Only when the temperature is lowered can the saturation vapor pressure over the liquid and solid phases be equalized again and the crystallization process be initiated.

Empirically, it was found that an increase in the boiling point ( t bale ) and lowering the freezing point solution ( t deputy ) compared to a pure solvent, is directly proportional to the molar concentration of the solute. Mathematically, this can be written as follows:

t b.p. p-ra –t kip. p-calf \u003d t kip. =em

t r-tel -t deputy. p-ra \u003d t deputy. =Km

wherem– molal concentrationsolute;EandK, respectively, ebullioscopic (lat.ebbulio- boil away) and cryoscopic (Greek "cryos" - cold) constants, the values ​​​​of which depend only on the naturesolvent (Table 7).

Table 7 Ebullioscopic E and cryoscopic K constants of some solvents (deg/mol)

Ebullioscopic and cryoscopic constants solvent show how many degrees it rises boiling point and freezing point solution obtained by dissolving one mole of non-electrolyte in one kilogram of solvent ( m = 1 mol/kg).

To determine the values ​​of E and K, first experimentally determine Dt kip. andDt deputy. highly dilute solutions (m<< 1), а затем полученные данные пересчитывают или экстраполируют для растворов сm= 1 моль/кг.

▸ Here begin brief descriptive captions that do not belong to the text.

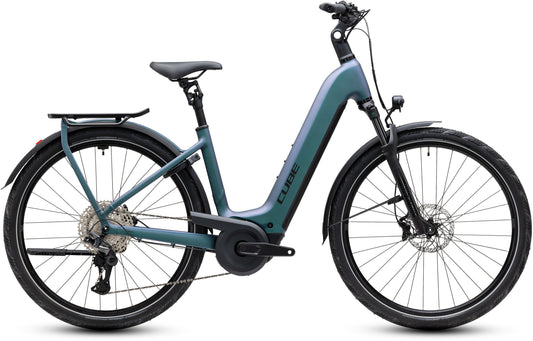 CUBE Kathmandu Hybrid Pro 800 Easy Entry E-Trekkingrad 2027 in smaragdgrey und black, Seitenansicht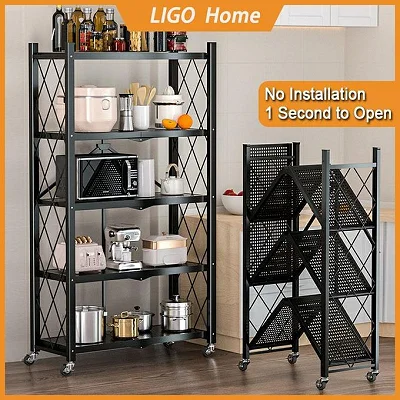 Foldable kitchen rack 5 layers, display rack stainless steel metal, multipurpose rack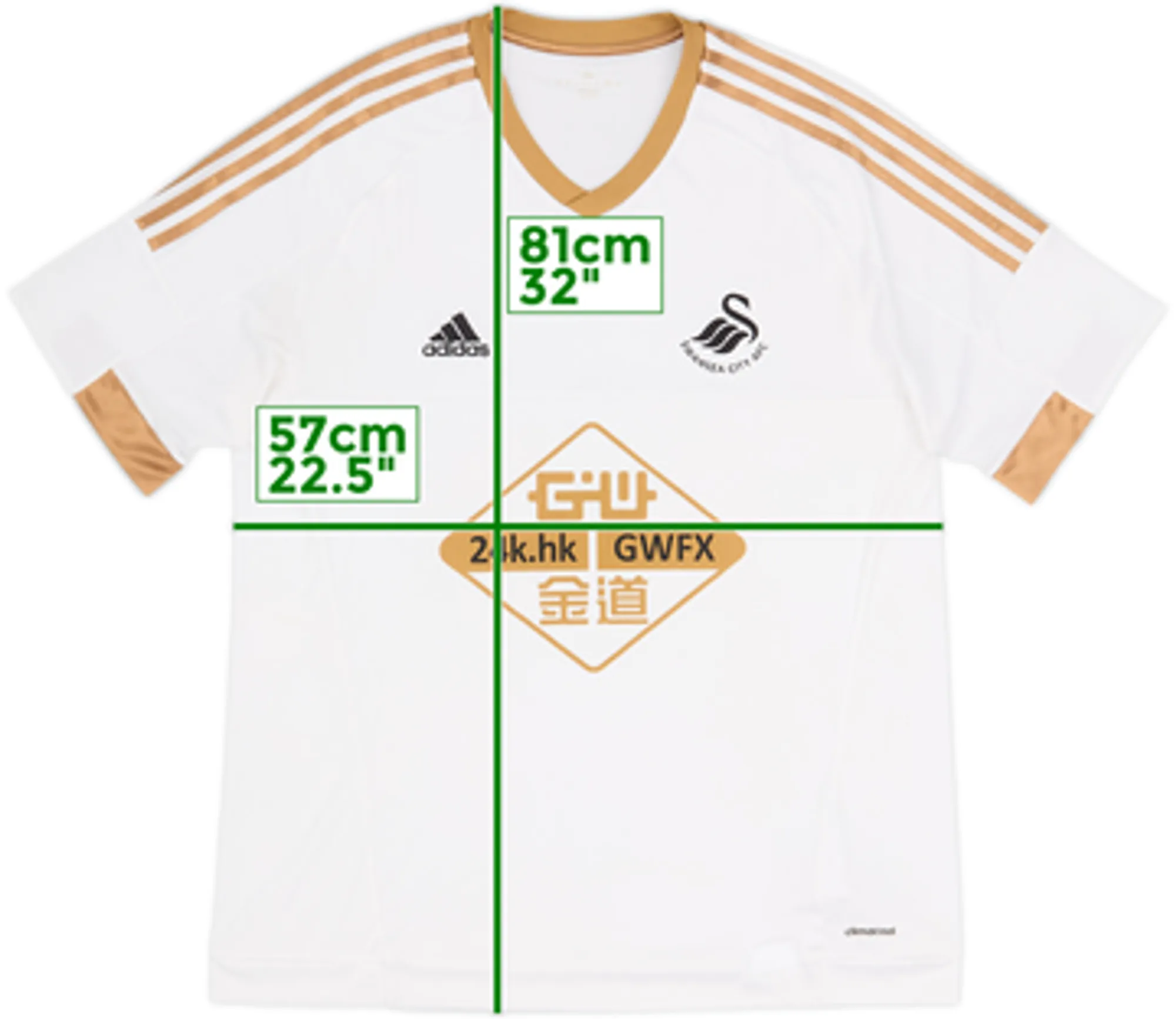 adidas Swansea City Mens SS Home Shirt 2015/16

whereRis the universal gas constant;Tis the boiling point of the solvent;is the specific heat of evaporation of the solvent.


whereT- melting temperaturesolutionclient;l– specific heat of fusionsolvent.

In this way, solutions of substances of different nature, but with the same molar concentration will boil and freeze at the sametemperature.

Attention should be drawn to an important differencesolution from a pure solvent. If the latter boils and freezes at a constanttemperature, thensolutions do this in the intervaltemperatures, i.e. in the process of their boiling away, the temperature rises all the time, and when it freezes, it decreases. This is due to the fact that the removal from the liquid phasesolvent in the form of steam or solid crystals leads to an increase in the molar concentration of the solution, tk. the dissolved substance in the process of boiling and freezing remains unchanged in the liquid phase (up to its complete boiling or freezing), and the mass of the liquid solvent decreases.

In practical measurements freezing or boiling point solution, the moment of the appearance of the first solid crystals in it is fixed (for t deputy ) or gas bubbles (for t bale ).

The property of solutions to lower the freezing point allows them to be used as coolants.

So, solutions of some organic and inorganic substances are used as antifreezes for cooling internal combustion engines when they operate in a variety of climatic conditions.

downgrade freezing temperature solutions is of great importance for living organisms. So, the liquid in their cells is a solution of various inorganic and organic substances. Hisfreezing temperature is below 0 about C (273.16 K ), so cells do not die under supercooling conditions.

Thanks to this phenomenon, the plants are preserved in the winter. Moreover, the higher the concentration of substances in the cell fluid, the lower external temperatures the plant can tolerate.

At the same time, to lower the freezing point of the solution in cooled cells, the process of hydrolysis of higher molecular weight compounds to low molecular weight compounds (for example, carbohydrates to glucose) is intensified.